ASSIGNED TASK:
What is needed is an exact transcription of every record below.
(Beginning of PROVIDED MATERIAL)
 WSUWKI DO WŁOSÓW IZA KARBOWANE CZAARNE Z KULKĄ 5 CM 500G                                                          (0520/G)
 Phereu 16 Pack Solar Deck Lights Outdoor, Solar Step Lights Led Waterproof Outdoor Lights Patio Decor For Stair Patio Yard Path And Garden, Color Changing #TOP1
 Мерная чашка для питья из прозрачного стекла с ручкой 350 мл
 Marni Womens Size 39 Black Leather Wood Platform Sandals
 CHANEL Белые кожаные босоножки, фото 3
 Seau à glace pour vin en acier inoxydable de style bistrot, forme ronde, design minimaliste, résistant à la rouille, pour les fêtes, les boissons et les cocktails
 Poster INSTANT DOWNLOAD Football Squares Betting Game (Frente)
(End of PROVIDED MATERIAL)
SOLUTION FOR THIS EXERCISE:
 WSUWKI DO WŁOSÓW IZA KARBOWANE CZAARNE Z KULKĄ 5 CM 500G                                                          (0520/G)
 Phereu 16 Pack Solar Deck Lights Outdoor, Solar Step Lights Led Waterproof Outdoor Lights Patio Decor For Stair Patio Yard Path And Garden, Color Changing #TOP1
 Мерная чашка для питья из прозрачного стекла с ручкой 350 мл
 Marni Womens Size 39 Black Leather Wood Platform Sandals
 CHANEL Белые кожаные босоножки, фото 3
 Seau à glace pour vin en acier inoxydable de style bistrot, forme ronde, design minimaliste, résistant à la rouille, pour les fêtes, les boissons et les cocktails
 Poster INSTANT DOWNLOAD Football Squares Betting Game (Frente)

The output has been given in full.